• **Task instructions**: Reproduce the records below exactly as they appear.

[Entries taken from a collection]

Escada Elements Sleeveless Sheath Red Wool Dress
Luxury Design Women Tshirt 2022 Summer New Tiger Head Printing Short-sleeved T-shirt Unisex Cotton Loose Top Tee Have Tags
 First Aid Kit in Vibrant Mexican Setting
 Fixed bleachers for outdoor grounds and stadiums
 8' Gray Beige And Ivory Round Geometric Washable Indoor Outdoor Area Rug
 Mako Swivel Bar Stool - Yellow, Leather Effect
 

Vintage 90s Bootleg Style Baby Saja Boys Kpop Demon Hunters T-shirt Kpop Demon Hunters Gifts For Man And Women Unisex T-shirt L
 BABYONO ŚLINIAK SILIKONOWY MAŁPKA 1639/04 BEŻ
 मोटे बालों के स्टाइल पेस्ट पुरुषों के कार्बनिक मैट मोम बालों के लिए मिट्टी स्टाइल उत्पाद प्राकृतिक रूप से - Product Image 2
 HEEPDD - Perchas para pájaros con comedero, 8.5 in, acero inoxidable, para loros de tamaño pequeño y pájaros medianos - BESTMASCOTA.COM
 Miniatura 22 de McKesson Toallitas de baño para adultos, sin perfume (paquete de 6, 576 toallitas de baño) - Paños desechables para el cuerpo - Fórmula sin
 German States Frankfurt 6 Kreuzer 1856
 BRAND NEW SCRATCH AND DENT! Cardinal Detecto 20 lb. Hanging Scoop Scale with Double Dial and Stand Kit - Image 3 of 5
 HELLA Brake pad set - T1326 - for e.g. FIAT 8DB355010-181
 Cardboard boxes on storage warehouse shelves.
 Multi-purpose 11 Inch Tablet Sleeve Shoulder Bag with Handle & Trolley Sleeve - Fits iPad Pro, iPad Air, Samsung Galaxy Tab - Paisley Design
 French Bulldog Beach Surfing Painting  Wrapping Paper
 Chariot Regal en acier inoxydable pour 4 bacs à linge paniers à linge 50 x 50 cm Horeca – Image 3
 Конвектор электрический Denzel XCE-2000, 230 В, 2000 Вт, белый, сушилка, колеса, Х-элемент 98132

• **Task answer**:
Escada Elements Sleeveless Sheath Red Wool Dress
Luxury Design Women Tshirt 2022 Summer New Tiger Head Printing Short-sleeved T-shirt Unisex Cotton Loose Top Tee Have Tags
 First Aid Kit in Vibrant Mexican Setting
 Fixed bleachers for outdoor grounds and stadiums
 8' Gray Beige And Ivory Round Geometric Washable Indoor Outdoor Area Rug
 Mako Swivel Bar Stool - Yellow, Leather Effect
 

Vintage 90s Bootleg Style Baby Saja Boys Kpop Demon Hunters T-shirt Kpop Demon Hunters Gifts For Man And Women Unisex T-shirt L
 BABYONO ŚLINIAK SILIKONOWY MAŁPKA 1639/04 BEŻ
 मोटे बालों के स्टाइल पेस्ट पुरुषों के कार्बनिक मैट मोम बालों के लिए मिट्टी स्टाइल उत्पाद प्राकृतिक रूप से - Product Image 2
 HEEPDD - Perchas para pájaros con comedero, 8.5 in, acero inoxidable, para loros de tamaño pequeño y pájaros medianos - BESTMASCOTA.COM
 Miniatura 22 de McKesson Toallitas de baño para adultos, sin perfume (paquete de 6, 576 toallitas de baño) - Paños desechables para el cuerpo - Fórmula sin
 German States Frankfurt 6 Kreuzer 1856
 BRAND NEW SCRATCH AND DENT! Cardinal Detecto 20 lb. Hanging Scoop Scale with Double Dial and Stand Kit - Image 3 of 5
 HELLA Brake pad set - T1326 - for e.g. FIAT 8DB355010-181
 Cardboard boxes on storage warehouse shelves.
 Multi-purpose 11 Inch Tablet Sleeve Shoulder Bag with Handle & Trolley Sleeve - Fits iPad Pro, iPad Air, Samsung Galaxy Tab - Paisley Design
 French Bulldog Beach Surfing Painting  Wrapping Paper
 Chariot Regal en acier inoxydable pour 4 bacs à linge paniers à linge 50 x 50 cm Horeca – Image 3
 Конвектор электрический Denzel XCE-2000, 230 В, 2000 Вт, белый, сушилка, колеса, Х-элемент 98132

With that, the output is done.